(Short text fragments from websites)
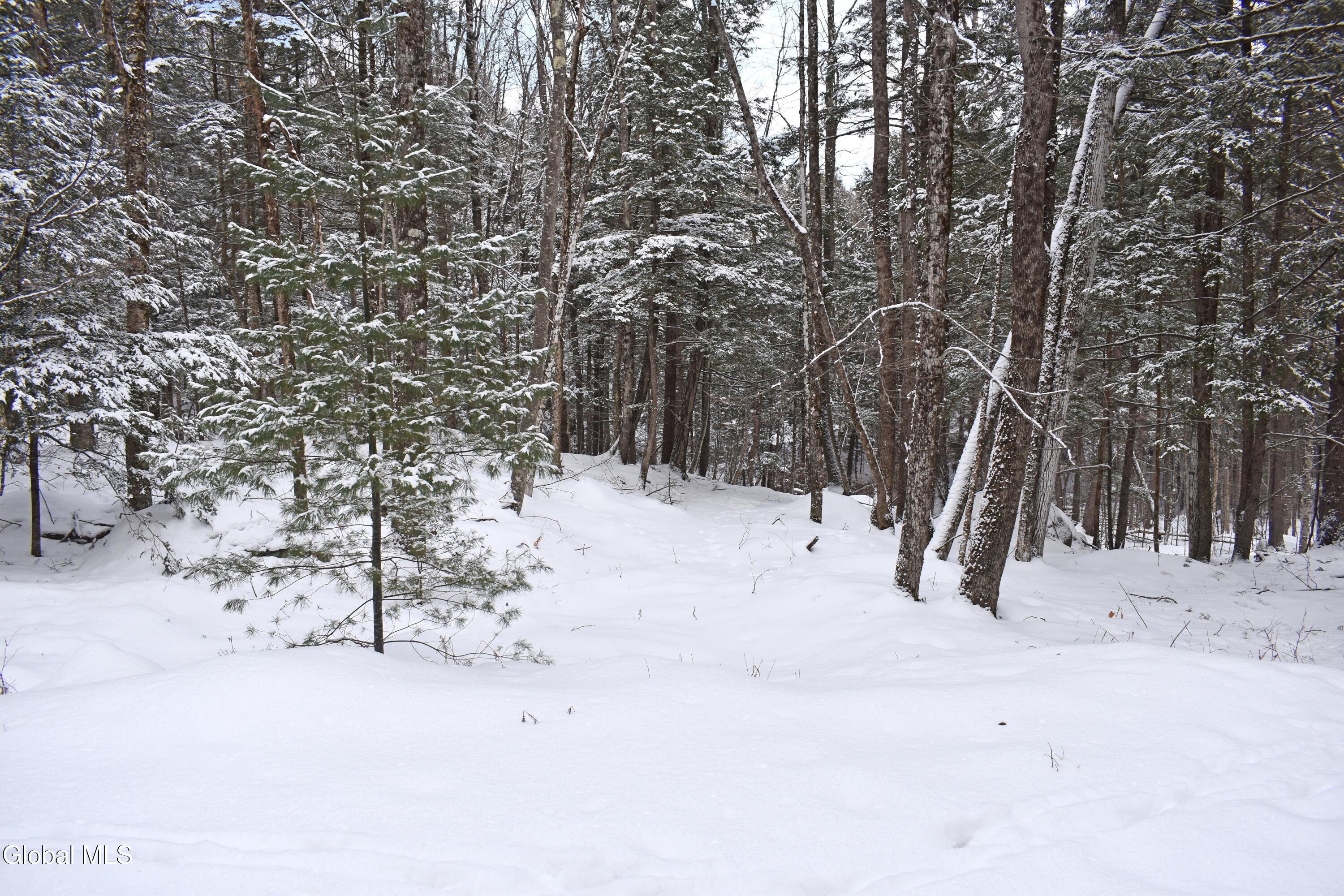 37 Carriage Knolls Road Chester, NY 12817 - Photo 4 of 25 DSC_0377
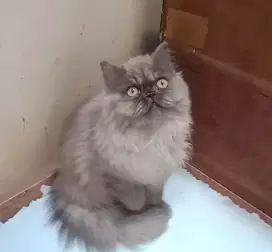 Persia flatnose longhair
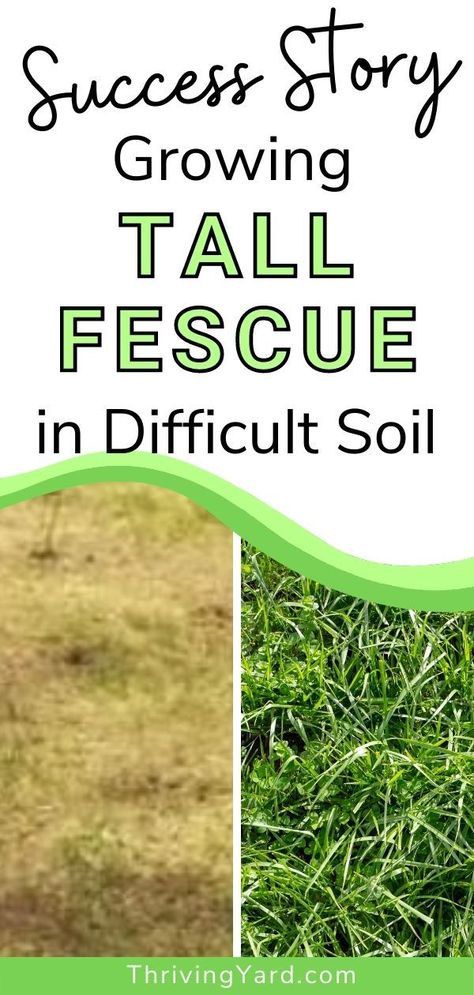 A real-life journey in transforming a difficult lawn into a lush green lawn. They used Tall Fescue which is an excellent grass choice for difficult soils in colder climates. And the key to improving difficult soil – deep core integration. All the steps and principles in transforming this lawn are discussed here. #gardeningtips #lawncare #greenlawn #claysoil #improveclaysoil Fescue Grass Lawn, Tall Fescue Lawn, Fescue Grass, Tall Fescue, Deep Core, Diy Lawn, Lawn Care Tips, Lawn Maintenance, Life Journey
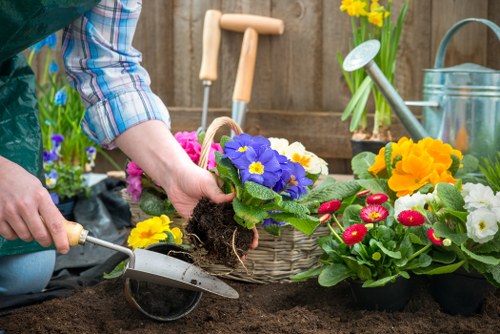 Eco-friendly cleaning process on outdoor patio surface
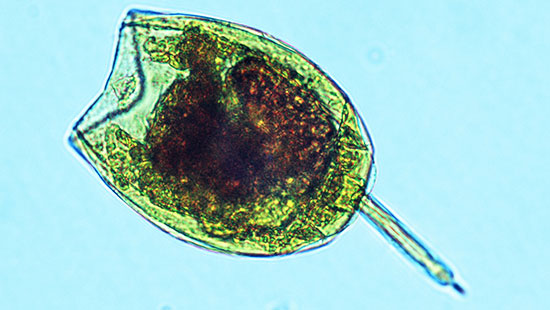 Microsolutions化学品FM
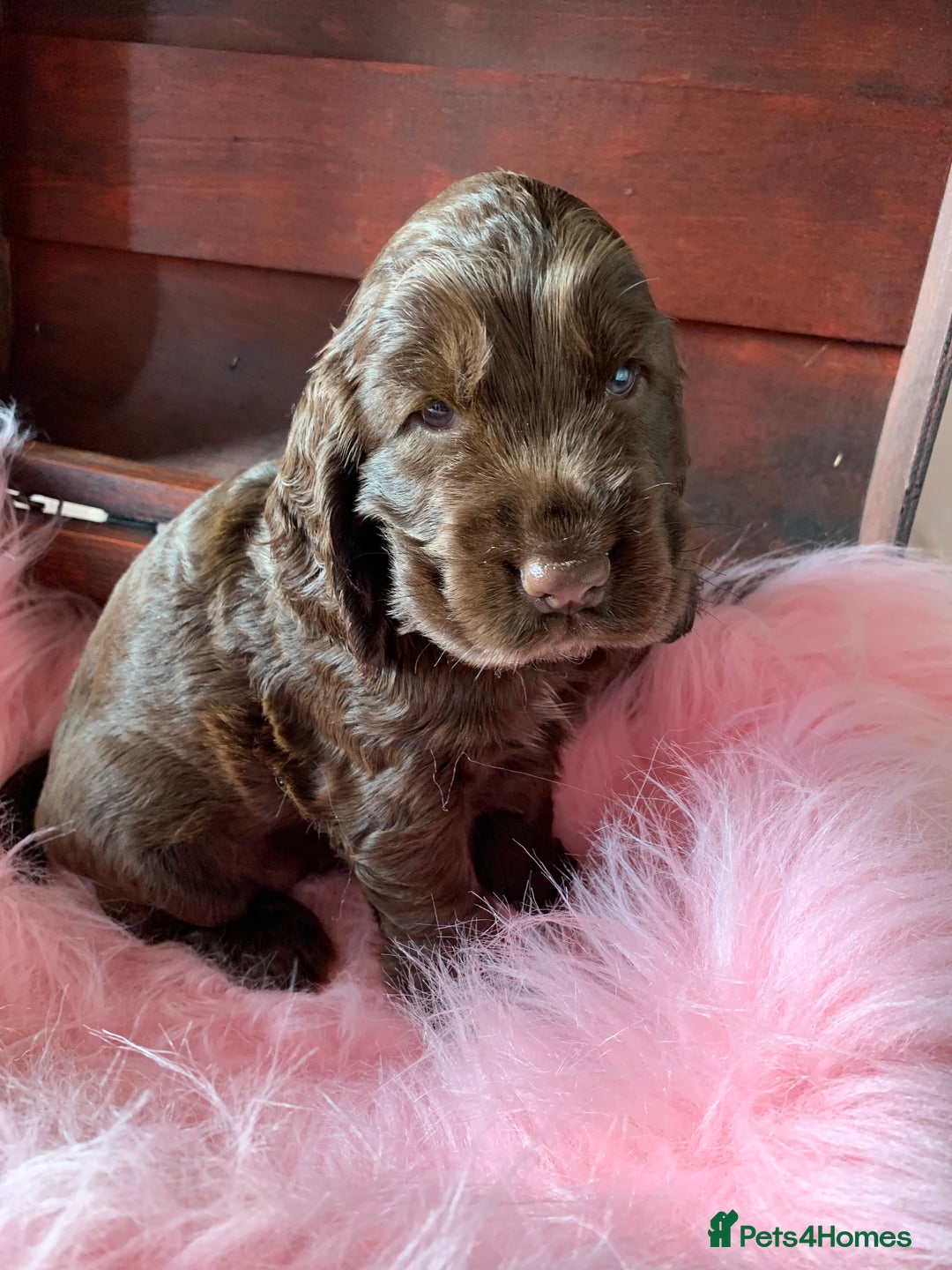 Cocker Spaniel dogs for sale: 5* LICENSED KC SHOW H/TESTED PUPPIES  - Image 10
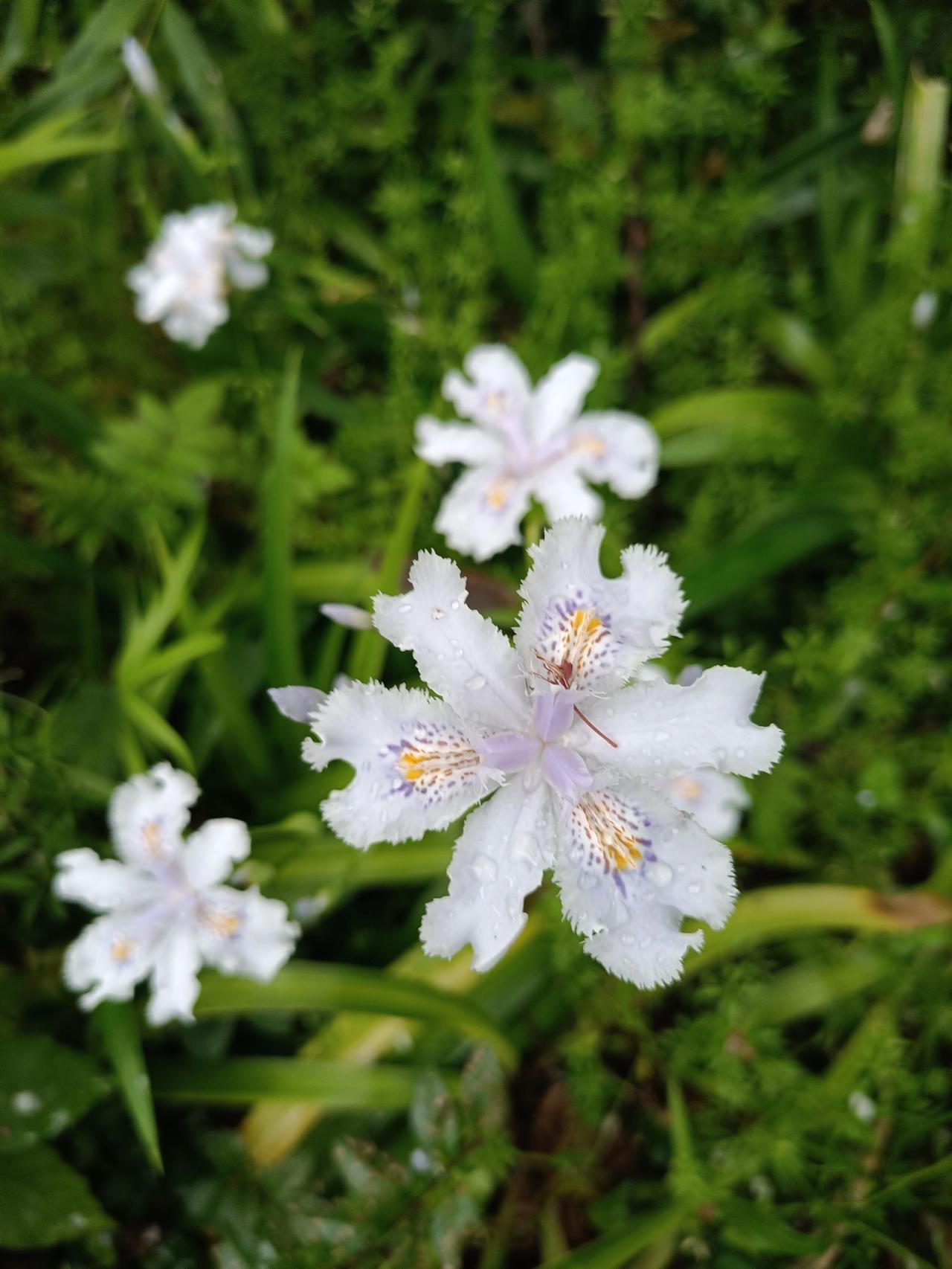 寻找春色………捕捉身边的春色 创作者中心 创作灵感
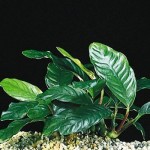 گیاه کافه فولیا (Anubias coffeefolia)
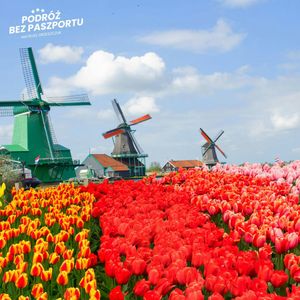 Holenderska wioska wiatraków ogranicza turystów, Mateusz Grzeszczuk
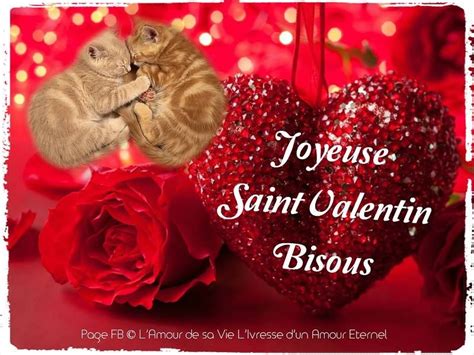 Joyeuse Saint Valentin, Bisous #saintvalentin chats coeur rose amour ...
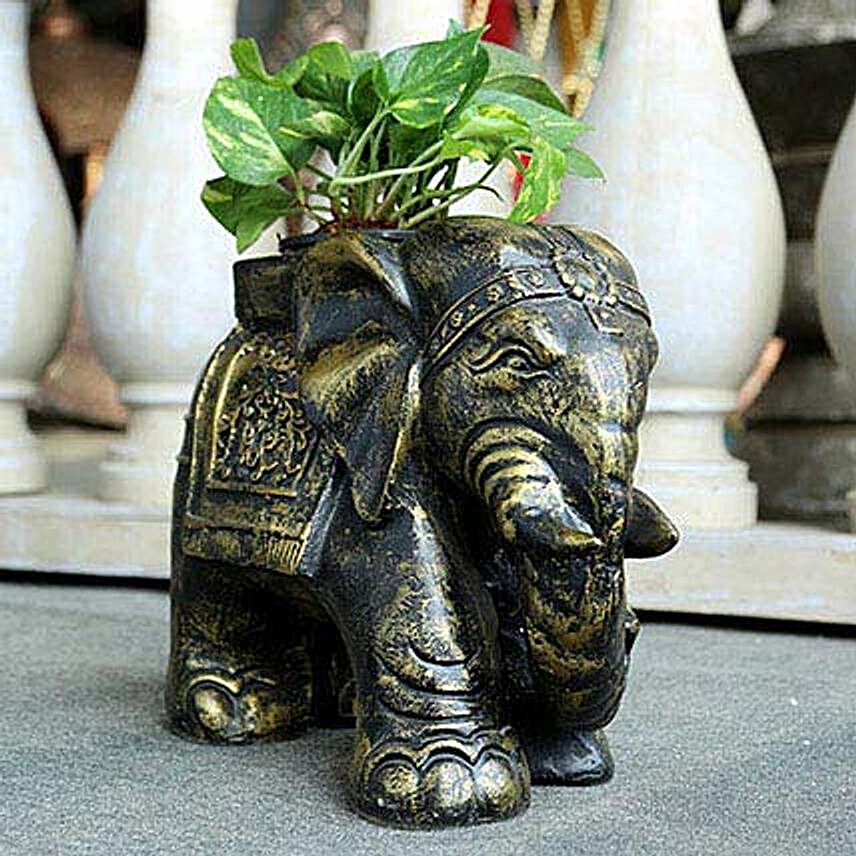 Money Plant in Elephant Pot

Task to carry out
Word for word, please reproduce each entry above and leave out every picture.

Result of this task
 37 Carriage Knolls Road Chester, NY 12817 - Photo 4 of 25 DSC_0377
 Persia flatnose longhair
 A real-life journey in transforming a difficult lawn into a lush green lawn. They used Tall Fescue which is an excellent grass choice for difficult soils in colder climates. And the key to improving difficult soil – deep core integration. All the steps and principles in transforming this lawn are discussed here. #gardeningtips #lawncare #greenlawn #claysoil #improveclaysoil Fescue Grass Lawn, Tall Fescue Lawn, Fescue Grass, Tall Fescue, Deep Core, Diy Lawn, Lawn Care Tips, Lawn Maintenance, Life Journey
 Eco-friendly cleaning process on outdoor patio surface
 Microsolutions化学品FM
 Cocker Spaniel dogs for sale: 5* LICENSED KC SHOW H/TESTED PUPPIES  - Image 10
 寻找春色………捕捉身边的春色 创作者中心 创作灵感
 گیاه کافه فولیا (Anubias coffeefolia)
 Holenderska wioska wiatraków ogranicza turystów, Mateusz Grzeszczuk
 Joyeuse Saint Valentin, Bisous #saintvalentin chats coeur rose amour ...
 Money Plant in Elephant Pot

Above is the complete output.